▸ **Problem requirements**:
In the entries below, find the line with "Trees are reflected" and the line with "Women's Sheath Dress"; give again those lines and every line between them, exactly.

▸ **Supplied material**:
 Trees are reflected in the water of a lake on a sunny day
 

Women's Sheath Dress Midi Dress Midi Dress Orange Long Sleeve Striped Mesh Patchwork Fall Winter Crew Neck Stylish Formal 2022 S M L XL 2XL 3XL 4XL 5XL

* * *

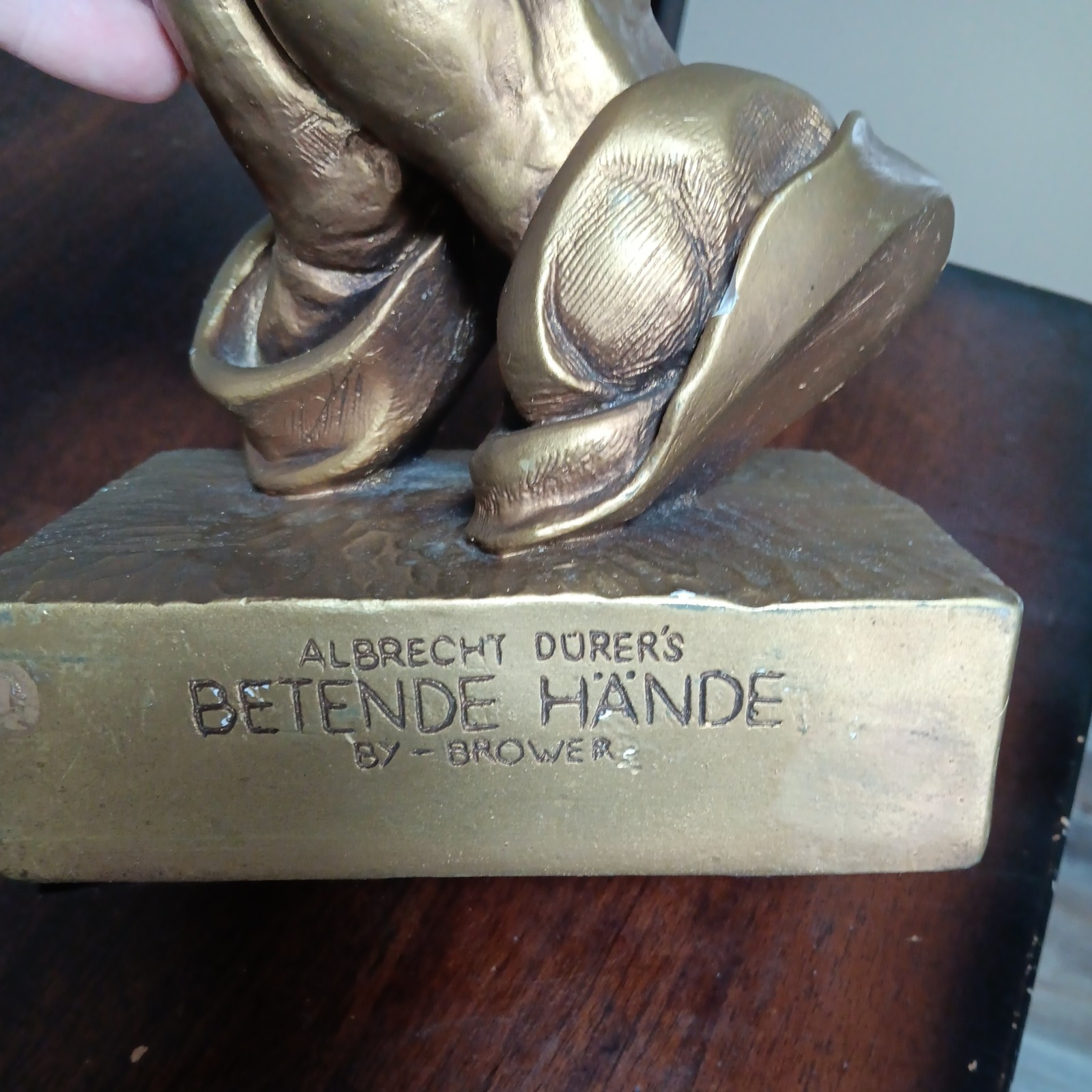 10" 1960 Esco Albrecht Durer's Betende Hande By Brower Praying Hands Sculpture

--

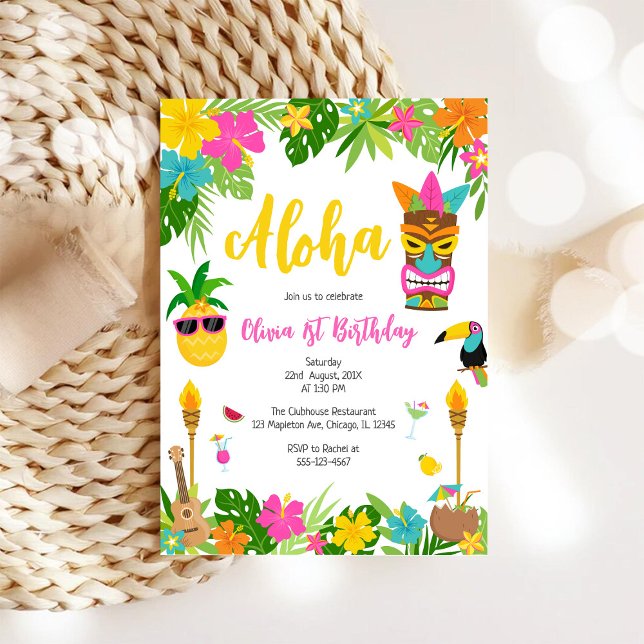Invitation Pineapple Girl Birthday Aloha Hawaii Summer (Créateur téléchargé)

▸ **Solution to this exercise**:
 Trees are reflected in the water of a lake on a sunny day
 

Women's Sheath Dress Midi Dress Midi Dress Orange Long Sleeve Striped Mesh Patchwork Fall Winter Crew Neck Stylish Formal 2022 S M L XL 2XL 3XL 4XL 5XL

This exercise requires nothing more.